Scylla and Cassandra have two features that fit your needs secondary index and materialized view:
You enable a secondary index on another_id
with the command:
CREATE INDEX ON test (another_id);
And now your query SELECT * FROM test WHERE another_id = 12;
will work normally. You should be aware that if this SELECT
returns a huge number of results (a so-called low-cardinality index) this select is inefficient - it retrieves just the keys from the index, and to show everything (the SELECT *
) Scylla needs to go back to the table and fetch its rows one by one, a fairly inefficient process.

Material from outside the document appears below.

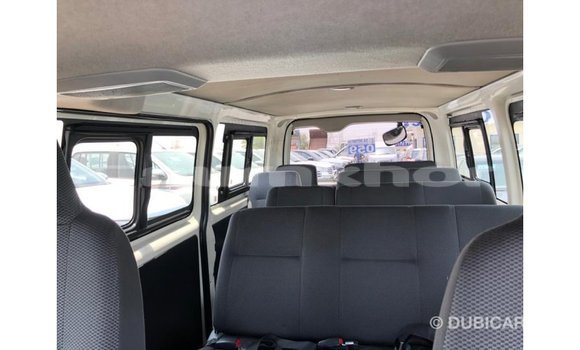 Buy Import Toyota Hiace White Car in Import - Dubai in Bumthang Buy Import Toyota Hiace White Car in Import - Dubai in Bumthang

The second alternative is a materialized view with another_id
as a partition key, as in the command:
CREATE MATERIALIZED VIEW test_by_another_id AS
SELECT * FROM test
WHERE another_id IS NOT NULL AND uniuque_string IS NOT NULL and id IS NOT NULL
PRIMARY KEY (another_id, id, uniuque_string);
This materialized view will contain a copy of all the data (not just keys) from test
, and can be searched by another key. For example: SELECT * FROM test_by_another_id WHERE another_id = 12;
(note we had to replace test
by the viewtest_by_another_id
.
The materialized-view solution will make long selects much more efficient than the secondary-index solution, but it requires more storage (all the data is stored twice), so both solutions should be considered depending on your use case.